In de commissie Brussel en de Vlaamse Rand was er deze week een hoorzitting met het provinciebestuur van Vlaams-Brabant. De provincie neemt verdienstelijke initiatieven voor het behoud van het Nederlandstalig karakter van de Rand. Gewezen VU-gedeputeerde Herman Van Autgaerden was in de vorige legislatuur de grondlegger en de bezieler van dit beleid. Mark Demesmaeker pleitte voor een goede samenwerking met de Vlaamse regering en de gemeentebesturen, om op het terrein snel tot betere resultaten te komen. De deputatie van Vlaams-Brabant erkende dat de samenwerking en de informatie-uitwisseling met de Vlaamse administratie inderdaad vaak ondermaats is. Mark spoorde de provincie aan om verder werk te maken van de vernederlandsing van het straatbeeld en prees de provinciale acties waarbij bedrijven aangespoord worden om het Nederlandstalig karakter van de Vlaamse Rand te respecteren. Mark wees er op dat de toestand op het terrein verslechtert. Hij pleitte ook opnieuw voor een structurele ondersteuning van de noodlijdende regionale zender Ring TV. De provincie wordt in het kader van het Ruimtelijk Structuurplan ook betrokken bij de afbakening van het Vlaams stedelijk gebied rond Brussel. Mark vroeg om dit proces goed op te volgen en te vermijden dat de Rand verder verstedelijkt en een overloopgebied wordt van Brussel. Want dat zou de verfransing alleen maar doen toenemen.

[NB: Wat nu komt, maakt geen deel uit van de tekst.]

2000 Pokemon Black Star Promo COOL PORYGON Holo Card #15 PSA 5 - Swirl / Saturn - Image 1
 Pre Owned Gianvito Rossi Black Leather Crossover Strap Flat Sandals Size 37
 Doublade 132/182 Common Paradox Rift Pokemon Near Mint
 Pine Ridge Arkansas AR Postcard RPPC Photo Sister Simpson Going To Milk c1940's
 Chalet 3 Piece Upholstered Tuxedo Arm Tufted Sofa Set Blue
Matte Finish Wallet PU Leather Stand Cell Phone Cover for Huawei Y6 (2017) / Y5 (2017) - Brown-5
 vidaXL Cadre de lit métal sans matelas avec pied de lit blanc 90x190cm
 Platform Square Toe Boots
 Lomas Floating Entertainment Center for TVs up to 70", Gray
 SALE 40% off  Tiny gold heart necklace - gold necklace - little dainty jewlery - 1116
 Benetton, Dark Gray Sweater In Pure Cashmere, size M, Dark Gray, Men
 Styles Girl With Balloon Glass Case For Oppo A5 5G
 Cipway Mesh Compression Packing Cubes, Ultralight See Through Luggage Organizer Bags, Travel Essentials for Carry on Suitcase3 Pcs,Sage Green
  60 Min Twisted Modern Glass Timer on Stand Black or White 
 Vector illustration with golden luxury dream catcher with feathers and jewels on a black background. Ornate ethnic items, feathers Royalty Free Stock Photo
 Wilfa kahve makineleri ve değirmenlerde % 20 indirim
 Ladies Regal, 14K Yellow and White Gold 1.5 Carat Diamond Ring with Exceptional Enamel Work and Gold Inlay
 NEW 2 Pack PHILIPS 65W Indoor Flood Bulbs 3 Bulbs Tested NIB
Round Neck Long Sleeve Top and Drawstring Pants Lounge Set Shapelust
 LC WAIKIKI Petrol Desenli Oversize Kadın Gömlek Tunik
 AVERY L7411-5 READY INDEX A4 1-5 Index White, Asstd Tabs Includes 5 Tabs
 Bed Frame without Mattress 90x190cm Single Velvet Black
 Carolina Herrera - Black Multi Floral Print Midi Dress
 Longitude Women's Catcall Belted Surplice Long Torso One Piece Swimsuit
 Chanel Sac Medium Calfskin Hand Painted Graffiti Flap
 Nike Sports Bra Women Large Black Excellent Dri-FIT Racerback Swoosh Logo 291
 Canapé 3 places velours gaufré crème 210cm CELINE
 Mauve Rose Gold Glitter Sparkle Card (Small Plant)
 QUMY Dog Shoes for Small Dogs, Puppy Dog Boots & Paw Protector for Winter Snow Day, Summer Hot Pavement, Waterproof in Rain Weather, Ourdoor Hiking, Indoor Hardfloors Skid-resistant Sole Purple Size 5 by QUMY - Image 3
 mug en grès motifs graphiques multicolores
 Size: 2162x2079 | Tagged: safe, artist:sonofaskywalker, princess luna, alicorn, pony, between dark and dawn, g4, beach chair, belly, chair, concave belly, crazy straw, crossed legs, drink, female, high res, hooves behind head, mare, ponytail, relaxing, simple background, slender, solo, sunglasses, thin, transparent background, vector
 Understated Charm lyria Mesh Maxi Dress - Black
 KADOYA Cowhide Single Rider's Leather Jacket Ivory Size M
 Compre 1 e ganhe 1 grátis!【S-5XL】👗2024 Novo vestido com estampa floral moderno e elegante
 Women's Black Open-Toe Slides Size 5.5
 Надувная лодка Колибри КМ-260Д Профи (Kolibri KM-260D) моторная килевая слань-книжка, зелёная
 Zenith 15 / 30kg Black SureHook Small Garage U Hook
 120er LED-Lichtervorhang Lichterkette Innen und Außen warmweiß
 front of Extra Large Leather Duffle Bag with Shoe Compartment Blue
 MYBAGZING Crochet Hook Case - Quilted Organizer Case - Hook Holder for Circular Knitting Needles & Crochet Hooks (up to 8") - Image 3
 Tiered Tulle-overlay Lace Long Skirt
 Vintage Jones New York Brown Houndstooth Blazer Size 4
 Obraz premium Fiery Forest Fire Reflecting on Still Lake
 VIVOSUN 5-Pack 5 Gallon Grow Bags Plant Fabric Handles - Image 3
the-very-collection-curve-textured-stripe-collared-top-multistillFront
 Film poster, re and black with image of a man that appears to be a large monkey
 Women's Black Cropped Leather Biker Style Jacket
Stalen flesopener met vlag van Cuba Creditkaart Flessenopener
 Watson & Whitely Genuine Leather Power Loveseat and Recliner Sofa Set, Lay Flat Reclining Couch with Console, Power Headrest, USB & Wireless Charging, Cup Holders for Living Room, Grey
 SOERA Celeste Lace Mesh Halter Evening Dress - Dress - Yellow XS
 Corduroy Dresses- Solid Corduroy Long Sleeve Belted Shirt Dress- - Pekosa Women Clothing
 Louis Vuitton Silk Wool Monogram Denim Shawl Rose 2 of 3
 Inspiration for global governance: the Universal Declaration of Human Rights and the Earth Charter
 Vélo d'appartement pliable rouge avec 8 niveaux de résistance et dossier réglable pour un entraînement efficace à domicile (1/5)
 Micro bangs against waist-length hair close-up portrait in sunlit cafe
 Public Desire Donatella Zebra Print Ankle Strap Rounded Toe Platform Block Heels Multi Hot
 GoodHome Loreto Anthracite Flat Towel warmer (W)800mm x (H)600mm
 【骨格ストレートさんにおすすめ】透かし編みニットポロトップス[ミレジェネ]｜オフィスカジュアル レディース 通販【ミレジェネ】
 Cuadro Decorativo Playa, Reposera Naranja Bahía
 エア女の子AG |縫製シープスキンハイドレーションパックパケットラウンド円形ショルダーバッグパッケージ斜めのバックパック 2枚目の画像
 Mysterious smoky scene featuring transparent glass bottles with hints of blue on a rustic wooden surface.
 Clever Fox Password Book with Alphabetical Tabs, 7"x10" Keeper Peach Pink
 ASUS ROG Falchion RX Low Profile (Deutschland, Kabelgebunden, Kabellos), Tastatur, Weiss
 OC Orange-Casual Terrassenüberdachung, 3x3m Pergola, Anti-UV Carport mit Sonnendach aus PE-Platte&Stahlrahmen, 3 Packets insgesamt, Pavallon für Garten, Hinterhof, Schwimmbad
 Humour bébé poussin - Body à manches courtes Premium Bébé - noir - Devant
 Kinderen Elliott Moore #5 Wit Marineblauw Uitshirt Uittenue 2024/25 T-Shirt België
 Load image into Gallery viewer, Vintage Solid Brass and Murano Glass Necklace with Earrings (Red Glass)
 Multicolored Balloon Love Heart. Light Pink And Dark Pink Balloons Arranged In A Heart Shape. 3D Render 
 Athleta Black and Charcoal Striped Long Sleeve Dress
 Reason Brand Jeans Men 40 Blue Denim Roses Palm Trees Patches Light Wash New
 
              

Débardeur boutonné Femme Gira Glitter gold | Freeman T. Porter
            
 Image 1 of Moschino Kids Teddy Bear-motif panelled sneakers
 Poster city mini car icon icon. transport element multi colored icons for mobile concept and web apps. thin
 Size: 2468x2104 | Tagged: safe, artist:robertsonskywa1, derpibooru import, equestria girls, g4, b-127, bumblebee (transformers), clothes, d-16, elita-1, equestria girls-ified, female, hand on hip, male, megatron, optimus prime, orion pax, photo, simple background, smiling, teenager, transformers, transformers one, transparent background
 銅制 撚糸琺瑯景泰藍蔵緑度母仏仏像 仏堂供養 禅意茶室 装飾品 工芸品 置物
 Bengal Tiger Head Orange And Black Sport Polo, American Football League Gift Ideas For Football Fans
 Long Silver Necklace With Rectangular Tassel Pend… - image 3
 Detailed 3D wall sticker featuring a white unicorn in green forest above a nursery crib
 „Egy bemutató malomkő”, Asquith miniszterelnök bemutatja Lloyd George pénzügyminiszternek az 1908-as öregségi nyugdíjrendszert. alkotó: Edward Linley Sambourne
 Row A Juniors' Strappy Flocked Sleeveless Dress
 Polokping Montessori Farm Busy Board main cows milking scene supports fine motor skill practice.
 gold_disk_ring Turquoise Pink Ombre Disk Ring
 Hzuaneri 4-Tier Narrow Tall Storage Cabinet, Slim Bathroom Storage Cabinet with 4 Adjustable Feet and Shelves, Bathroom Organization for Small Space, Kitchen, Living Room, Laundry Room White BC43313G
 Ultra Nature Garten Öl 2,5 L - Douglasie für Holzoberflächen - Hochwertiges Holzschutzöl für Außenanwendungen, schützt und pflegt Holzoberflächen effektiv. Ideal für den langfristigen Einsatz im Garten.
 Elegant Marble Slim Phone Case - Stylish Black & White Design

Bart De Wever kwam deze week uitgebreid in het nieuws met het inburgeringsdossier dat hij samenstelde. Hij stelde hierover ook een aantal parlementaire vragen. U kan het volledige dossier raadplegen op www.n-va.be/inburgeringsbeleid. Maar inburgering was niet het enige dossier dat zijn aandacht vroeg. Hij vroeg in de commissie Cultuur onze minister wat de situatie was van de Koningin Elisabethzaal te Antwerpen en wat de Vlaamse regering van plan was met deze uitzonderlijke zaal. Uitzonderlijk, want de zaal behoort met zijn meer dan 2000 zitplaatsen tot de grotere concertzalen in Vlaanderen en tot de top 3 als het gaat om symfonische concerten klassieke muziek. Bij het grote publiek is ze echter vooral bekend voor de populaire shows van Studio 100. Ze is uitstekend gelegen vlak naast het Centraal Station, de Zoo en het Diamantmuseum. Bovendien maakt ze deel uit van een groter congrescomplex met meerdere vergader- en evenementruimtes. Troeven zat dus, maar de vaststelling is dat de zaal door een gebrek aan investeringen langzaam maar zeker aftakelt. Een renovatie is dringend noodzakelijk, maar het kostenplaatje (tussen 18 en 32 miljoen euro) doet elke betrokkene slikken. Onze minister, als minister van Toerisme betrokken bij dit dossier (want voogdijminister van de Zoo, huidig eigenaar van de zaal), merkte terecht op dat het gaat om een culturele infrastructuur en het dus in eerste instantie de verantwoordelijkheid was van de minister van Cultuur, Bert Anciaux, om een oplossing te vinden. Die heeft echter al laten weten hiervoor geen geld te hebben en probeert zowel het dossier te verdrinken in "globale Antwerpse masterplannen", als tegelijk de zwarte piet door te schuiven naar al zijn Vlaamse collega"s, de stad en de provincie. Onze minister erkende echter dat het dossier dringend opgelost moet worden. Hij kondigde aan dat hij daarom zal aandringen op een snelle beslissing van de Vlaamse regering over de toekomst van de zaal, evenals het onderzoek van alternatieven (zoals de uitbouw van de congresfunctie) en verdere overleg met alle betrokkenen. Bart zal dit dossier ongetwijfeld verder ter harte nemen.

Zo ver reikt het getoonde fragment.